Free weekly e-mail on Medical Breakthroughs from Ivanhoe. To sign up: http://www.ivanhoe.com/ftk
OPIOID CRISIS: A PUBLIC HEALTH EPIDEMIC
BACKGROUND: More than 2.1 million people in the United States suffer from substance abuse disorders related to prescription opiates such as hydrocodone, hydrocodone acetaminophen, oxycontin, Vicodin and others sold under such brand names as Percocet. The fastest growing demographic is with 12-17 year olds. Each year more and more health professionals are providing opiate addiction information and education to their patients when they prescribe these medications. Although opiate addiction by state varies widely, the most current numbers show that the problem is worst in New Mexico and West Virginia, with California and other western states reporting addiction rates higher than the national average.
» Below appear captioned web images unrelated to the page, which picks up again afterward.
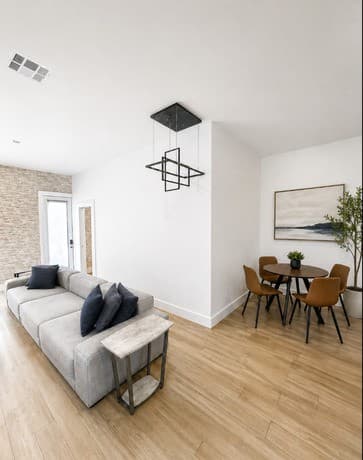 3-bedroom rental at 711 S Olive St Unit UNIT 101 in San Antonio, TX — photo 4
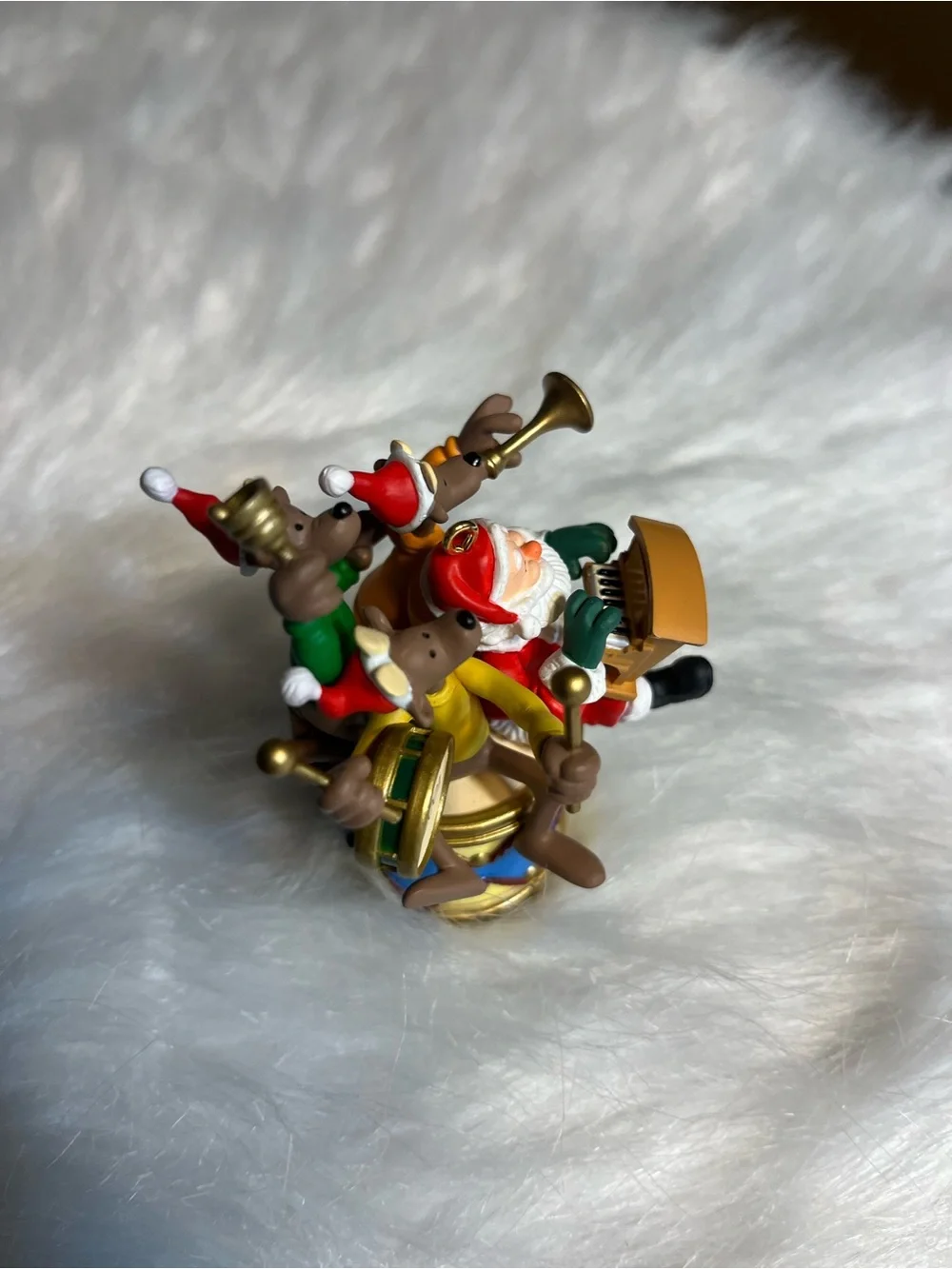 Hallmark 2001 Kris and the Kringles Musical Santa Ornament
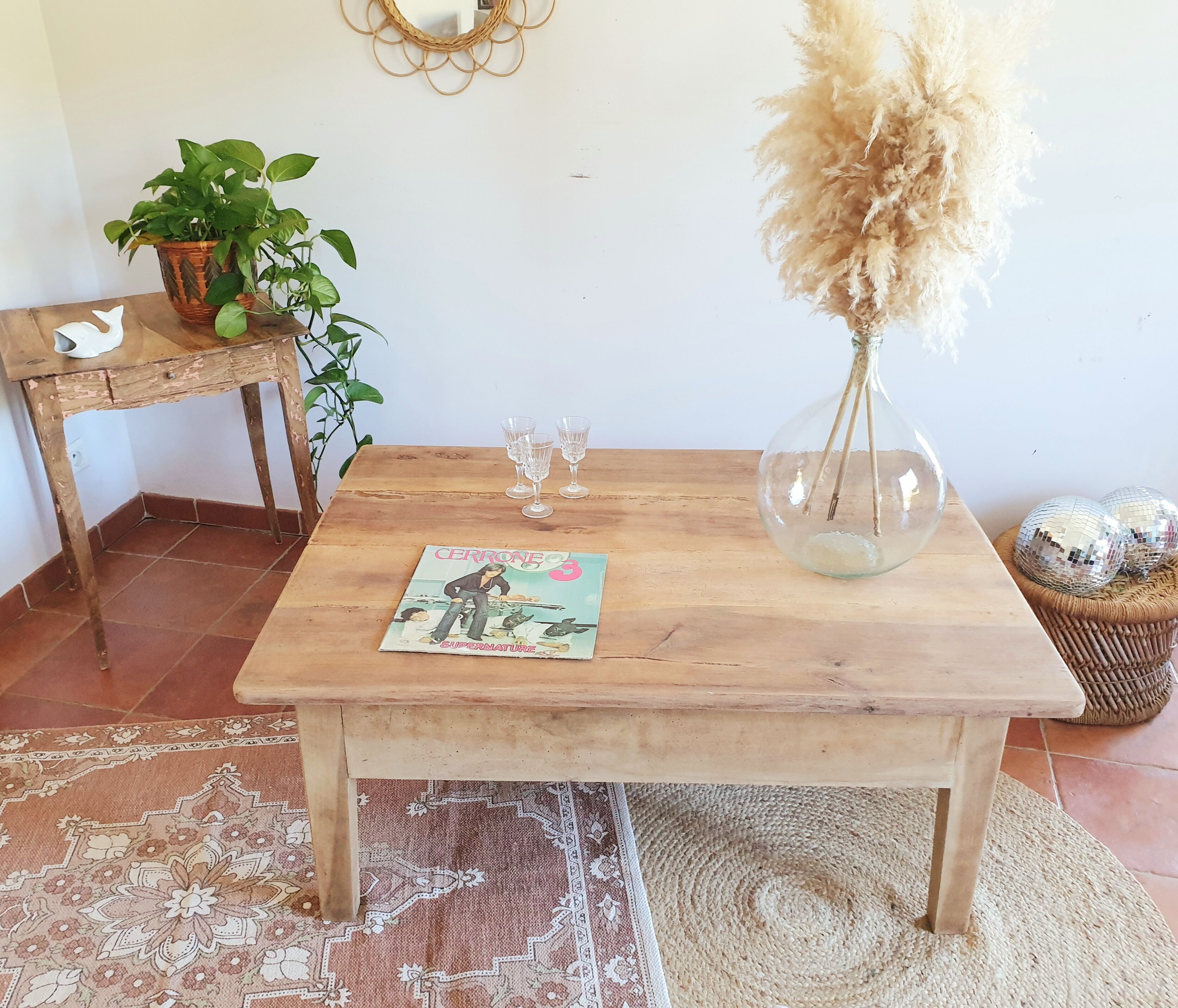 Table basse en noyer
Adding to the problem is the fact that between 1999 and 2010 sales of prescription painkillers to hospitals, physicians and pharmacies increased by 400 percent, and overdose deaths from those painkillers increased 300 percent in the same time period. Studies also show that 80 percent of prescription painkillers that fall into the opiate class are prescribed by only 20 percent of prescribers, mostly from primary care and internal medicine physicians rather than specialists. And lastly, abuse of prescription painkiller drugs account for more than 475,000 emergency room visits each year.
SIGNS AND TREATMENT: The signs and symptoms of substance abuse can be physical, behavioral, and psychological. One clear sign of addiction is not being able to stop using the substance. It is also not being able to stop yourself from using more than the recommended amount. Other signs and symptoms of opioid abuse can include poor coordination, drowsiness, shallow or slow breathing rate, nausea, physical agitation, slurred speech, sleeping more or less than normal, euphoria (feeling high), or irritability. Treatment for opioid addiction is different for each person. The main goal of treatment is to help you stop using the drug. Treatment also will help you avoid using it again in the future. Your doctor can prescribe certain medicines to help relieve your withdrawal symptoms when you stop using opioids. They will help control your cravings. These medicines include methadone (often used to treat heroin addiction), buprenorphine, and naltrexone. After detox, behavioral treatments can help you learn how to manage depression. These treatments also help you avoid opioids, deal with cravings, and heal damaged relationships. Some behavioral treatments include individual counseling, group or family counseling, and cognitive therapy.
“SMARTER” OPIOIDS: A study published in the journal, Cell, concludes that it’s possible to create pain-relieving opioids that don’t cause side effects. A team led by researchers at the University of North Carolina School of Medicine examined how the kappa opioid receptor (KOR), a protein on the cell surface, is activated. With that knowledge, the researchers say they developed a new drug-like compound that only activates that receptor. That way, the opioids only relieve pain and aren’t addictive. Knowing that structure, Dr. Bryan Roth, a professor at UNC-Chapel Hill, said that drug-like compounds could be developed to be more selective to specific opioid receptors. “Drugs targeting this receptor are likely to have low-addiction potential and to not be associated with respiratory depression, which leads to death in opioid overdoses,” explained Roth. In addition, Amber C. Lindsey, LCDC-I, a program director at Taylor Recovery Center in Houston, shared that vaccines are currently being developed to target opioids in the bloodstream in hopes of preventing the drug from reaching the brain and exerting euphoric effects.